Deja vu, également stylisé Déjà vu[1], est un groupe de rock français, originaire de Lyon, en Rhône-Alpes. Leur style musical est un mélange de rock énergique et mélodique aux influences britpop sur des textes francophones. Le groupe se sépare en 2014 après trois albums studio.
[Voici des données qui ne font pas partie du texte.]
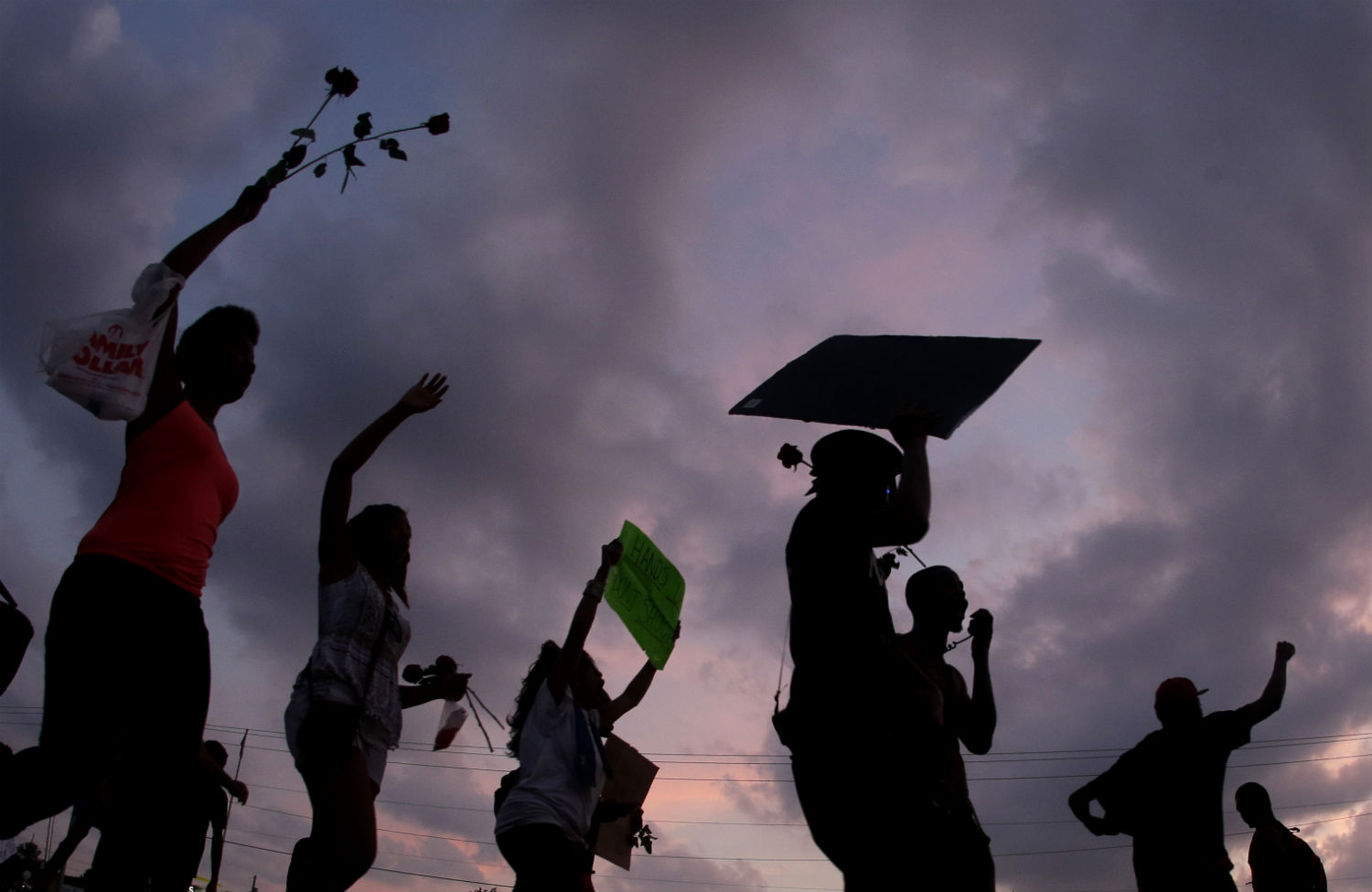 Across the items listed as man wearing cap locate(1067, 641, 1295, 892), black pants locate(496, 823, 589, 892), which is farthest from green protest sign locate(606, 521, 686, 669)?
man wearing cap locate(1067, 641, 1295, 892)

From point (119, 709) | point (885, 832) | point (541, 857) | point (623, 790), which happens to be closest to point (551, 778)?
point (541, 857)

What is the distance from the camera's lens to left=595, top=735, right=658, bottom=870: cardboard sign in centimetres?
655

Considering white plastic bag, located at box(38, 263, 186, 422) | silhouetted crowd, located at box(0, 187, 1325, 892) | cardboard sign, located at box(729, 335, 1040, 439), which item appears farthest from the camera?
cardboard sign, located at box(729, 335, 1040, 439)

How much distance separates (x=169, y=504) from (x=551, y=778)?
2.38 m

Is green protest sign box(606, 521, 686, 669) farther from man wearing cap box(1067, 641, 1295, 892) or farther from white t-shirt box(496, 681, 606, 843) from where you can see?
man wearing cap box(1067, 641, 1295, 892)

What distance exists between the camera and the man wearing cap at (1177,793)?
5.36 metres

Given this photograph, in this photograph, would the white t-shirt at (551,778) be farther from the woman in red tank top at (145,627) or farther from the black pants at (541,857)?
the woman in red tank top at (145,627)

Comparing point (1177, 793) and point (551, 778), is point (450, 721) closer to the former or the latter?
point (551, 778)

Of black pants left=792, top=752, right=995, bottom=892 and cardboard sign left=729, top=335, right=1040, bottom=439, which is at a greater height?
cardboard sign left=729, top=335, right=1040, bottom=439

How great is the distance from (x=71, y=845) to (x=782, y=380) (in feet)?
18.5

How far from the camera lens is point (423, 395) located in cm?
438

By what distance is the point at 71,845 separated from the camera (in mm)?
6625

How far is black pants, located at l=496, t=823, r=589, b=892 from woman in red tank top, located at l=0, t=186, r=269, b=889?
69.7 inches

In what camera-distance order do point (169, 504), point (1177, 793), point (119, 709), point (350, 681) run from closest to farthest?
point (119, 709), point (169, 504), point (350, 681), point (1177, 793) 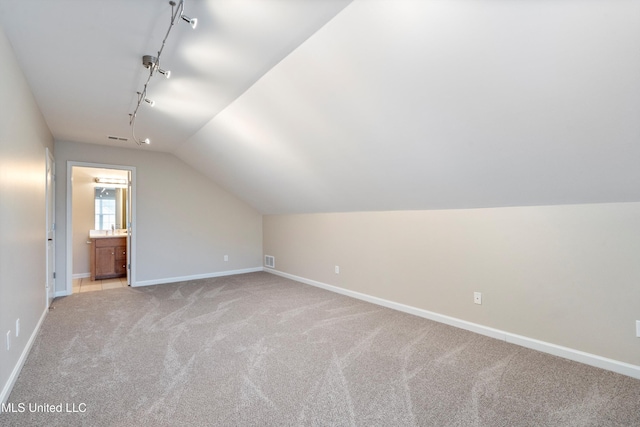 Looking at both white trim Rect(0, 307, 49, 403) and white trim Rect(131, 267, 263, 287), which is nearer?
white trim Rect(0, 307, 49, 403)

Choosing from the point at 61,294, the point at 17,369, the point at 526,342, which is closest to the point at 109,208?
→ the point at 61,294

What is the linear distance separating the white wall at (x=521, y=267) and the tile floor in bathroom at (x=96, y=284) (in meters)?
4.22

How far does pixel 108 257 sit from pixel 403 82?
637 cm

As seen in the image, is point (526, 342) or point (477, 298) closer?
point (526, 342)

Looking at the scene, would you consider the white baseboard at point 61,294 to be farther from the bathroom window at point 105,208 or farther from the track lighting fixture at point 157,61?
the track lighting fixture at point 157,61

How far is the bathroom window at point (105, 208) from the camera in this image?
6988 millimetres

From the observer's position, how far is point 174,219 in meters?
5.86

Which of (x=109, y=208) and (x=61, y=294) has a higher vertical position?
(x=109, y=208)

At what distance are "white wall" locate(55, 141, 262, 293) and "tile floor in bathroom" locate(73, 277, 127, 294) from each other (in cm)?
44

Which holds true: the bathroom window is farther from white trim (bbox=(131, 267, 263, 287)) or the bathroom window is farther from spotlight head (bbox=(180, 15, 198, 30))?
spotlight head (bbox=(180, 15, 198, 30))

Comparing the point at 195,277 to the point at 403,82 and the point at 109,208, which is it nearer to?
the point at 109,208

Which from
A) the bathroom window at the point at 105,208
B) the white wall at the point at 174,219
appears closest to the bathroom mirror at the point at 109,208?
the bathroom window at the point at 105,208

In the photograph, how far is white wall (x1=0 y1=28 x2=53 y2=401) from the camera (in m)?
2.08

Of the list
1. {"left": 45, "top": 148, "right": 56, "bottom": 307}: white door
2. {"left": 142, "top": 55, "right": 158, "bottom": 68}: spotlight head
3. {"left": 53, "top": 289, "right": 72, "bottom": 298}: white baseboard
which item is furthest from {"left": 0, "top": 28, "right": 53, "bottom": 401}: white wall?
{"left": 53, "top": 289, "right": 72, "bottom": 298}: white baseboard
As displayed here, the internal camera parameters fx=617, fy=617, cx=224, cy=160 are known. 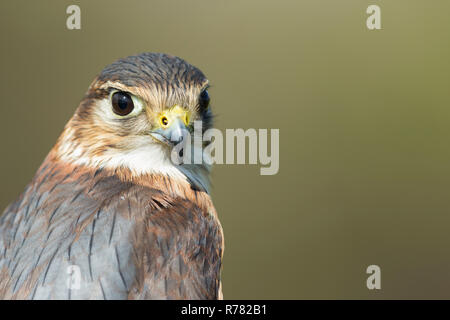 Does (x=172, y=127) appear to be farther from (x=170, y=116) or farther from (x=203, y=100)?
(x=203, y=100)

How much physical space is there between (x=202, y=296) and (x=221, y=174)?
4379mm

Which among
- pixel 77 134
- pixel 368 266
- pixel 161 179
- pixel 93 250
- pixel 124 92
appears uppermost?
pixel 124 92

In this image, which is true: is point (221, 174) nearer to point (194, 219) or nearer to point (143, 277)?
point (194, 219)

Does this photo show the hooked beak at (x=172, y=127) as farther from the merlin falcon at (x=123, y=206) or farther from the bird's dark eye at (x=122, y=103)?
the bird's dark eye at (x=122, y=103)

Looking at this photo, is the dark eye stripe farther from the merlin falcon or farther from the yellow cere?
the yellow cere

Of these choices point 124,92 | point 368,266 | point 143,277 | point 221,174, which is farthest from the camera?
point 221,174

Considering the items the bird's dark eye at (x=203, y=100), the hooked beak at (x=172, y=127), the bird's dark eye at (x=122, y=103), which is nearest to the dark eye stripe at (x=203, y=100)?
the bird's dark eye at (x=203, y=100)

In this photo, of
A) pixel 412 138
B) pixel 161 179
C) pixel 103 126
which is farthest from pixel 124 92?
pixel 412 138

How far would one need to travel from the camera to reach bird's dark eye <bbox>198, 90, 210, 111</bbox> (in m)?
3.79

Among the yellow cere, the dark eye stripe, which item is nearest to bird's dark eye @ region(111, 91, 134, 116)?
the yellow cere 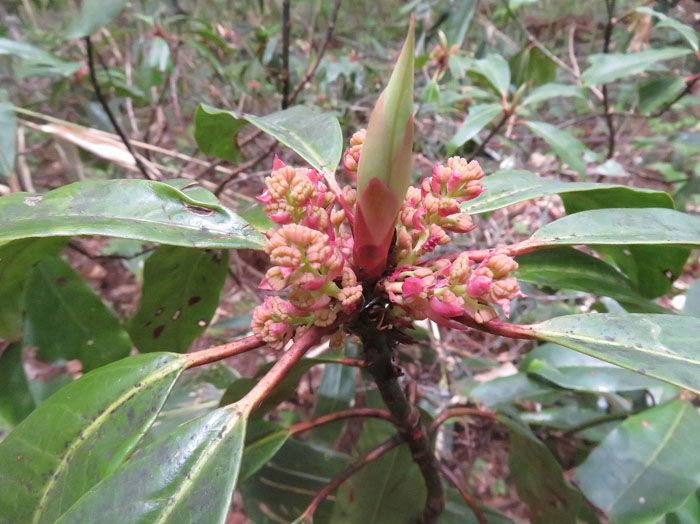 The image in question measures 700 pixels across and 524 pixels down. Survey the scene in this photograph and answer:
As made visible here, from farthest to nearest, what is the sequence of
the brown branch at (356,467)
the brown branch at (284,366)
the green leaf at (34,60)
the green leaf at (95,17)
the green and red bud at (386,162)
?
1. the green leaf at (34,60)
2. the green leaf at (95,17)
3. the brown branch at (356,467)
4. the brown branch at (284,366)
5. the green and red bud at (386,162)

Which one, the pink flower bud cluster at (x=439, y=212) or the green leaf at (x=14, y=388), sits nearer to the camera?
the pink flower bud cluster at (x=439, y=212)

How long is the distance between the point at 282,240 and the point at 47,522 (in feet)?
1.15

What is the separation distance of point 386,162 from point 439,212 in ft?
0.41

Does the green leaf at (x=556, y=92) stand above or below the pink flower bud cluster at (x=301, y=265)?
above

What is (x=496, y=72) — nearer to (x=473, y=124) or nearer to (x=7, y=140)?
(x=473, y=124)

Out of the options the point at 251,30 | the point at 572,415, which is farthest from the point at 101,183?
the point at 251,30

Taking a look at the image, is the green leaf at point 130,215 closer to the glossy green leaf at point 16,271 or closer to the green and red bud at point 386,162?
the glossy green leaf at point 16,271

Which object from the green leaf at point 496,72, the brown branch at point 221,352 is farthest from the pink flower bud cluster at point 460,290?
the green leaf at point 496,72

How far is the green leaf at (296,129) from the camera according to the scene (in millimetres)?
611

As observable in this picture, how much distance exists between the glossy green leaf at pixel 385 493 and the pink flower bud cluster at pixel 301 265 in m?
0.48

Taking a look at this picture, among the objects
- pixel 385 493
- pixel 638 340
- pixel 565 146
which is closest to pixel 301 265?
pixel 638 340

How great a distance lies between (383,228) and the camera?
397mm

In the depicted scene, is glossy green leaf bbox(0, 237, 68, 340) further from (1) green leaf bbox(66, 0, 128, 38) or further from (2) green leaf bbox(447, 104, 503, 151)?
(2) green leaf bbox(447, 104, 503, 151)

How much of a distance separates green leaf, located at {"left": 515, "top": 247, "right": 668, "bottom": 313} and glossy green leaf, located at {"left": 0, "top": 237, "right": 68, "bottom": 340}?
26.3 inches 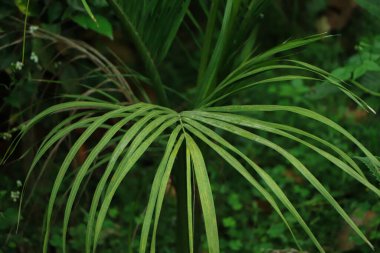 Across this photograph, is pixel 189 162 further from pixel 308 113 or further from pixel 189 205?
pixel 308 113

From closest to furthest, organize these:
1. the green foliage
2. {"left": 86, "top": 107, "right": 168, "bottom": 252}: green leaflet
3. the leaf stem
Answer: {"left": 86, "top": 107, "right": 168, "bottom": 252}: green leaflet, the leaf stem, the green foliage

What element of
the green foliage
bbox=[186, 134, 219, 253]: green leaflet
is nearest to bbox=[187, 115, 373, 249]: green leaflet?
bbox=[186, 134, 219, 253]: green leaflet

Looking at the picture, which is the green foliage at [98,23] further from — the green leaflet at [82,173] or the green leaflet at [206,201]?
the green leaflet at [206,201]

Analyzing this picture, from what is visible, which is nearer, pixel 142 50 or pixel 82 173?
pixel 82 173

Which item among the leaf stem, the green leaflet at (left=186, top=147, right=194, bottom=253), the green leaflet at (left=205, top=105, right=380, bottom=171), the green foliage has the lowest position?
the green leaflet at (left=186, top=147, right=194, bottom=253)

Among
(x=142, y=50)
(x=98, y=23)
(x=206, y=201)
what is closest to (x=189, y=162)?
(x=206, y=201)

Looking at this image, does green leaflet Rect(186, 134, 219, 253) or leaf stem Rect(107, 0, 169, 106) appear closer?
green leaflet Rect(186, 134, 219, 253)

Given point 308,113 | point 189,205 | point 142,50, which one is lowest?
point 189,205

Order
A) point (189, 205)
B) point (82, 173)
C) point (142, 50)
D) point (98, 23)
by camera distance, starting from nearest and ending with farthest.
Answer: point (189, 205)
point (82, 173)
point (142, 50)
point (98, 23)

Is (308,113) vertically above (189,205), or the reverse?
(308,113)

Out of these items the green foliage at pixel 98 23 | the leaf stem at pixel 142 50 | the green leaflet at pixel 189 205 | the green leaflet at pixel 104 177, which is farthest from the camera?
the green foliage at pixel 98 23

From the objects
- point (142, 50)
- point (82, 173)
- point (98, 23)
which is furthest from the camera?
point (98, 23)

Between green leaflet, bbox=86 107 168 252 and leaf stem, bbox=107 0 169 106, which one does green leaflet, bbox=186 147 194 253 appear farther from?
leaf stem, bbox=107 0 169 106

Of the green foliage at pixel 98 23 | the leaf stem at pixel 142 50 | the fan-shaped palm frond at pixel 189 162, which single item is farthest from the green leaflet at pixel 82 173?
the green foliage at pixel 98 23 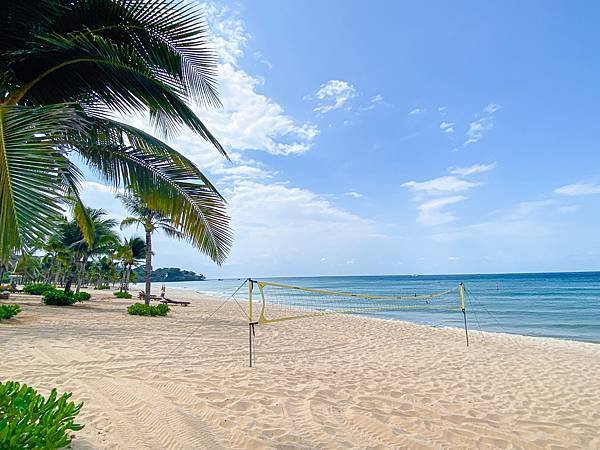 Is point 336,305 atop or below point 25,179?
below

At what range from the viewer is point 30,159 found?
236cm

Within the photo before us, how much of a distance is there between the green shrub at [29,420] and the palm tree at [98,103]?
0.99 meters

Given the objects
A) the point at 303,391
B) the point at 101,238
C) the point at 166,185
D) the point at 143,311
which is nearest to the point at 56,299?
the point at 101,238

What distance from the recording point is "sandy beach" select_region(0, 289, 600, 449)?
3.48 metres

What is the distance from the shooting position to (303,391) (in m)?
4.86

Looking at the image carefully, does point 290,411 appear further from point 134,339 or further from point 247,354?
point 134,339

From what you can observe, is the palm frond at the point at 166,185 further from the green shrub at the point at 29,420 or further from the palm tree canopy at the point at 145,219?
the palm tree canopy at the point at 145,219

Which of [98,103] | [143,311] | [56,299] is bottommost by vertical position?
[143,311]

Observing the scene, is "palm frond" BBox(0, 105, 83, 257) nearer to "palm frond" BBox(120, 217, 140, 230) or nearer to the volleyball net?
the volleyball net

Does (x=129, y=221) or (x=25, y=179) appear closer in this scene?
(x=25, y=179)

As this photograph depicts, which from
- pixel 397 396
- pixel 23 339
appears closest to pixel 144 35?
pixel 397 396

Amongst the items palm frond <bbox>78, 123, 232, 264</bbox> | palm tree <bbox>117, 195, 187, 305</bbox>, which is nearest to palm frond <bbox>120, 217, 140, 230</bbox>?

Biographie[modifier | modifier le code]

Débuts (2004–2005)[modifier | modifier le code]

Francois Serin, Renaud Ponsot, Mathieu Larue et Jordi Brusa forment Deja vu en octobre 2004 à Lyon[2]. Renaud et Mathieu se connaissent depuis le collège et décident, après un an passé ensemble à Londres, de former un groupe dont l'ambition serait de mélanger des influences rock à l'anglaise sur des textes en français, de manière totalement décomplexée. Très vite, ils rencontrent François Serin dont le précédent groupe (alter ego) vient de se séparer. L'alchimie fonctionne immédiatement, et Jordi Brusa (rencontré également à Londres) vient compléter le trio à la basse. Dans un élan d'auto-dérision, le groupe choisi de s'appeler Deja vu ; l'expression existe en Français comme en Anglais, trait d'union linguistique entre les différentes influences de la formation naissante[3]. « C'était ça ou Sandwich », confirme régulièrement Renaud Ponsot en interview.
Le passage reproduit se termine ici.